**WHAT THIS TASK INVOLVES**
The answer must consist solely of the lines below starting at the one containing "Emilia - Re" and ending at the one containing "Black Halter Neck", repeated exactly, with both ends included and all pictures omitted.

**GIVEN ENTRIES**
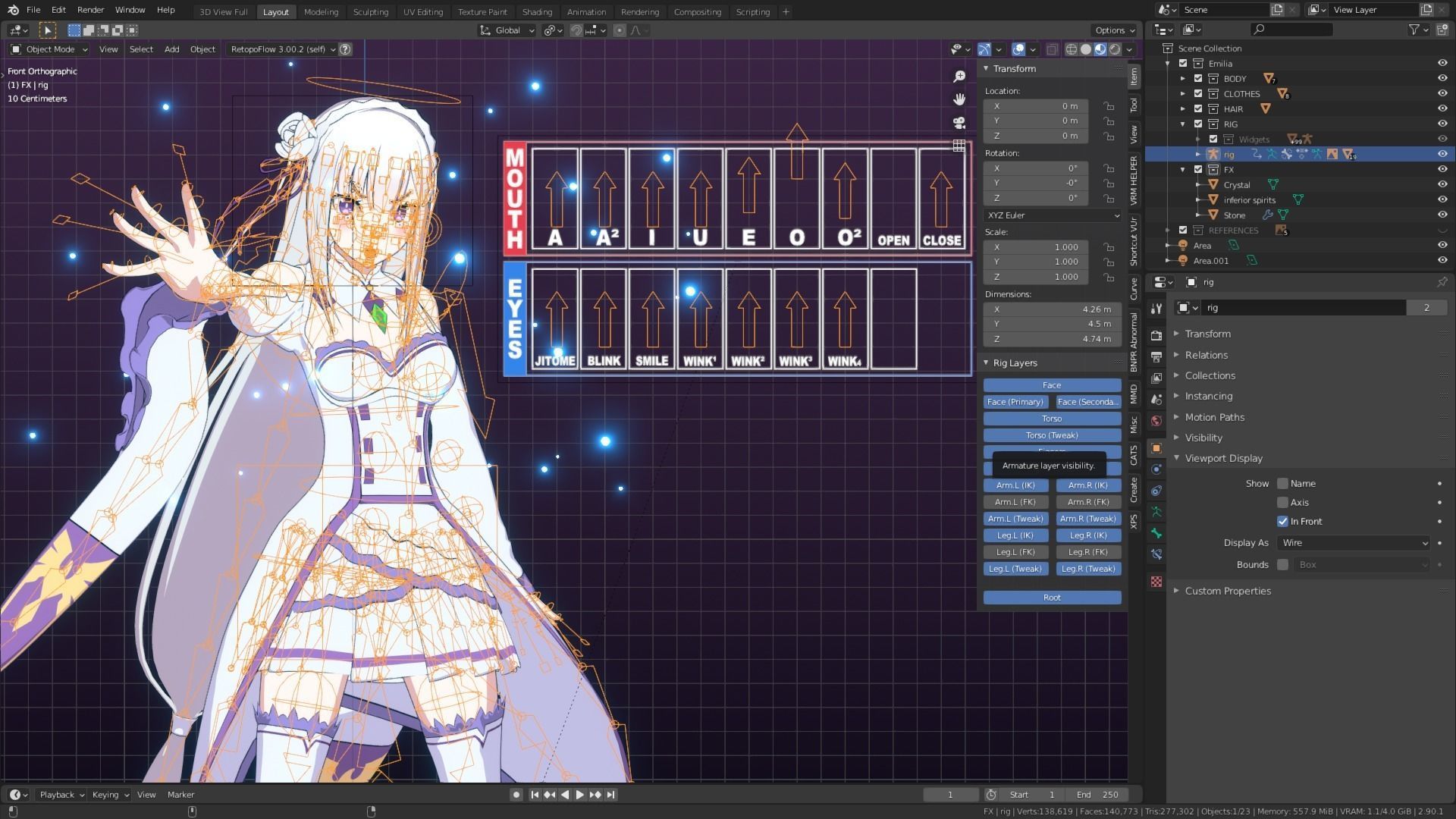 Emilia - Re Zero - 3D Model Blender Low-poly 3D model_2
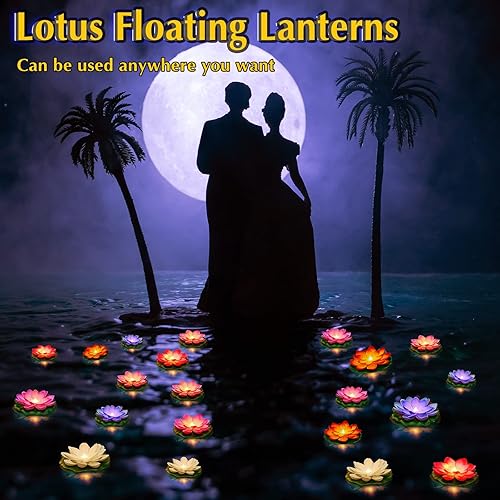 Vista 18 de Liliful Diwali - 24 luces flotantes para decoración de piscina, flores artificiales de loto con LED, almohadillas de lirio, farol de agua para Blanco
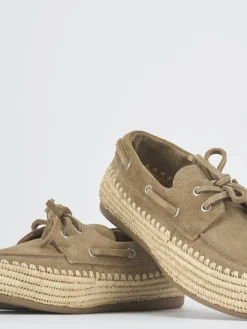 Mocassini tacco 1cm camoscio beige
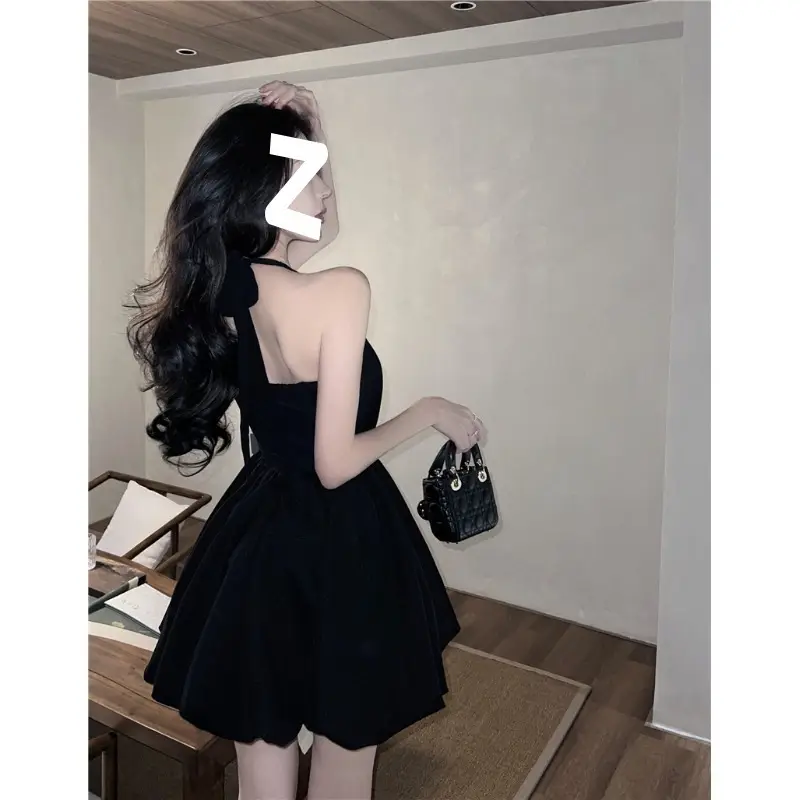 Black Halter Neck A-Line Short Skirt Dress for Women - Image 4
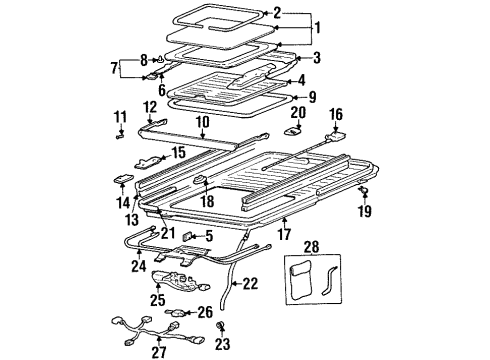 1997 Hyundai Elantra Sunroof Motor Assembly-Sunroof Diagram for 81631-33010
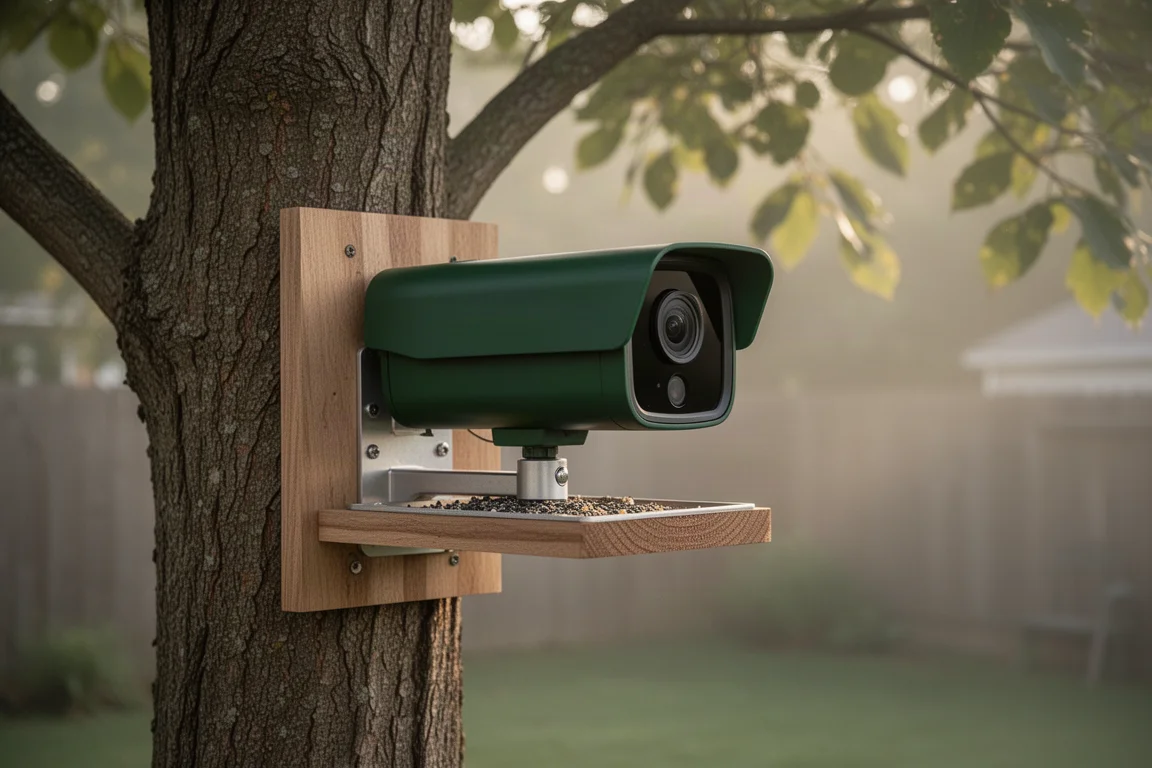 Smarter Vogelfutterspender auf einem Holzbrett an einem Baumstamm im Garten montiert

--

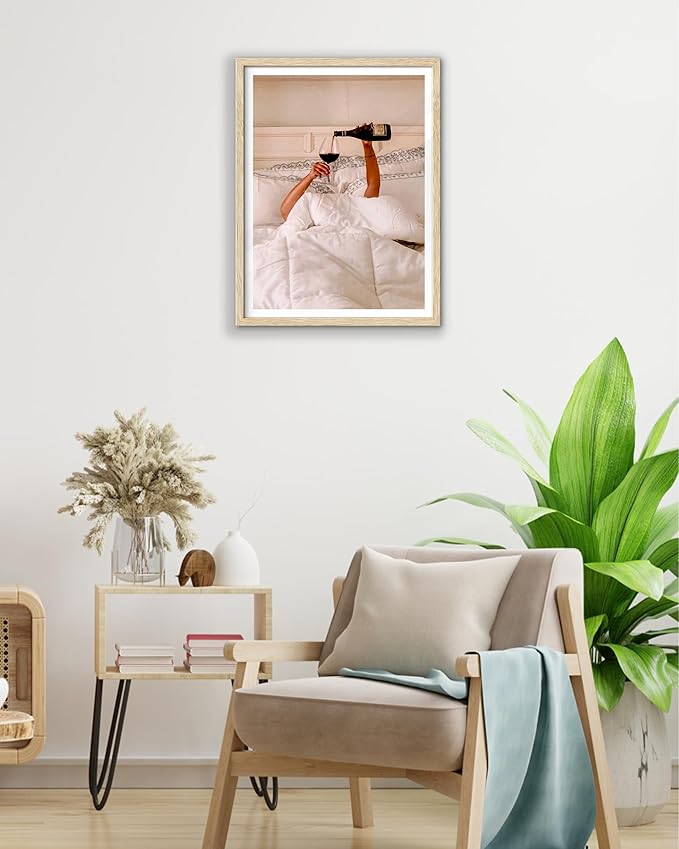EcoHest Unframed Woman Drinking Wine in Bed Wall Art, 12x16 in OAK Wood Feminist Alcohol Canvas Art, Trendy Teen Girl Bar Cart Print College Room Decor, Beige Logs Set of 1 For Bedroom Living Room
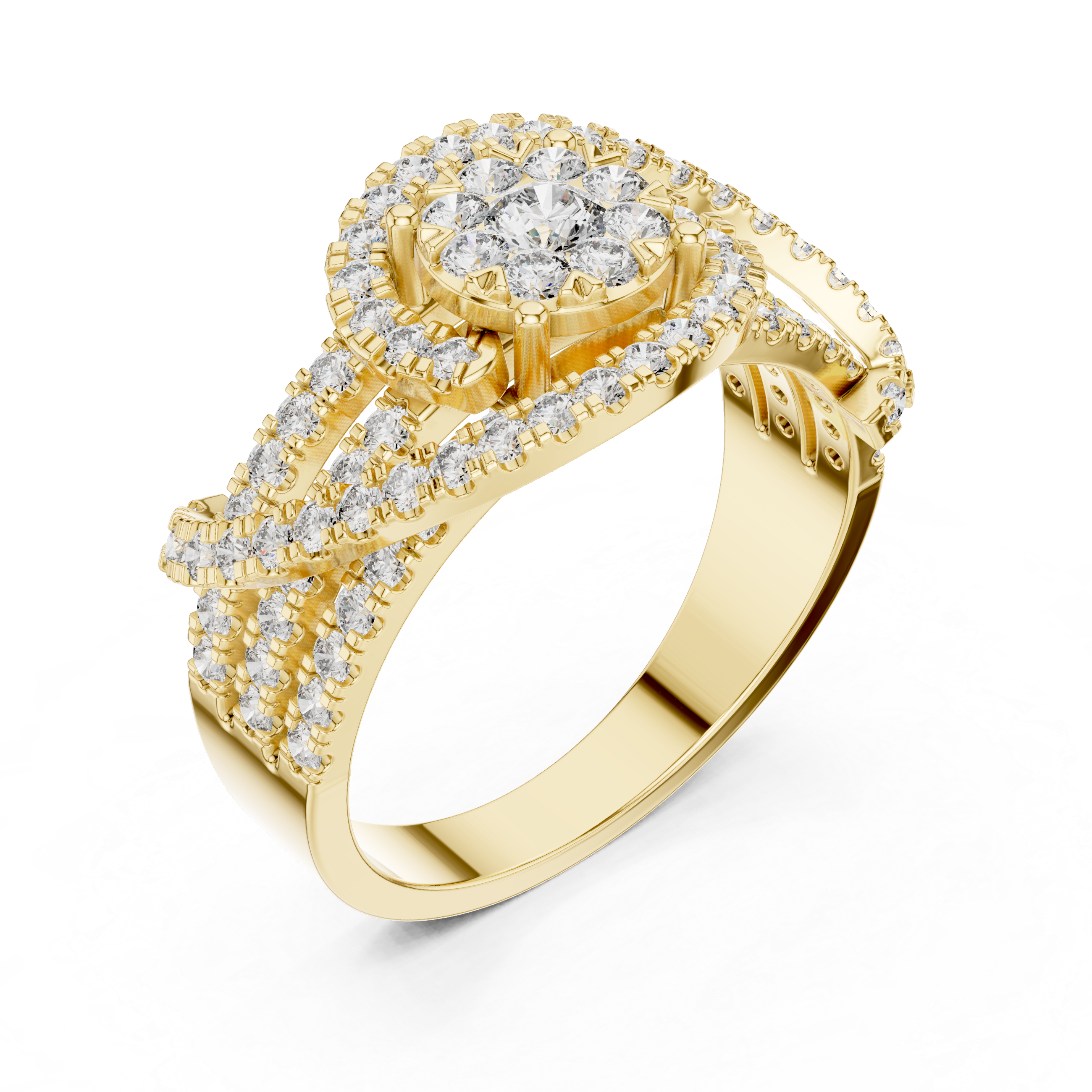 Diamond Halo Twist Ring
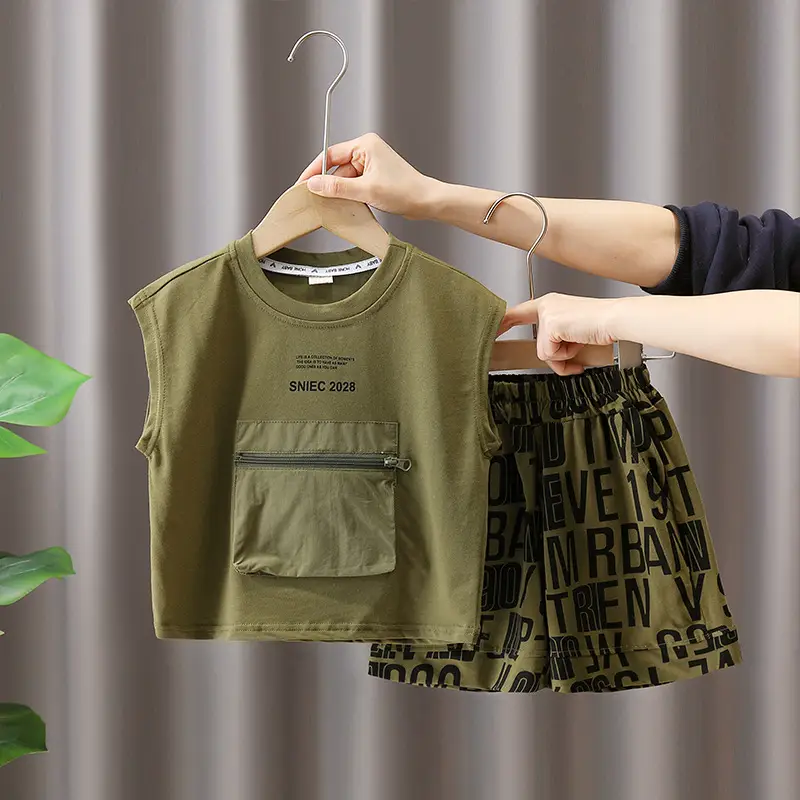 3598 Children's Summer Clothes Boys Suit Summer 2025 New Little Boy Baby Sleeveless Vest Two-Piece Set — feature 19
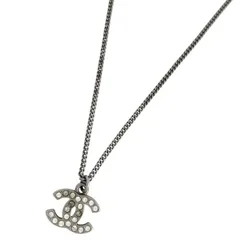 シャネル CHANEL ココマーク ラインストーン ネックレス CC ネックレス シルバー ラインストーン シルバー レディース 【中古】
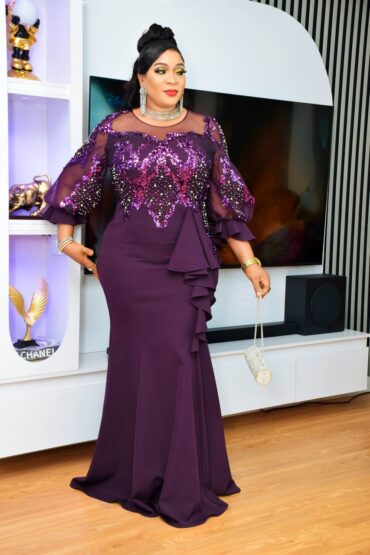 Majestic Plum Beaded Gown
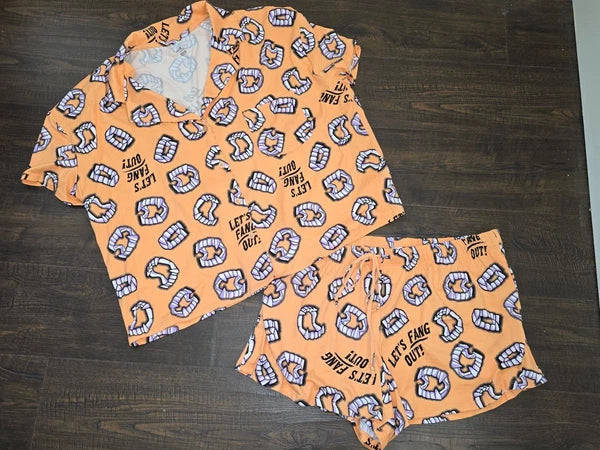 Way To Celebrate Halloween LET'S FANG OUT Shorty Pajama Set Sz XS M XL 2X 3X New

**WRITTEN ANSWER**
 Emilia - Re Zero - 3D Model Blender Low-poly 3D model_2
 Vista 18 de Liliful Diwali - 24 luces flotantes para decoración de piscina, flores artificiales de loto con LED, almohadillas de lirio, farol de agua para Blanco
 Mocassini tacco 1cm camoscio beige
 Black Halter Neck A-Line Short Skirt Dress for Women - Image 4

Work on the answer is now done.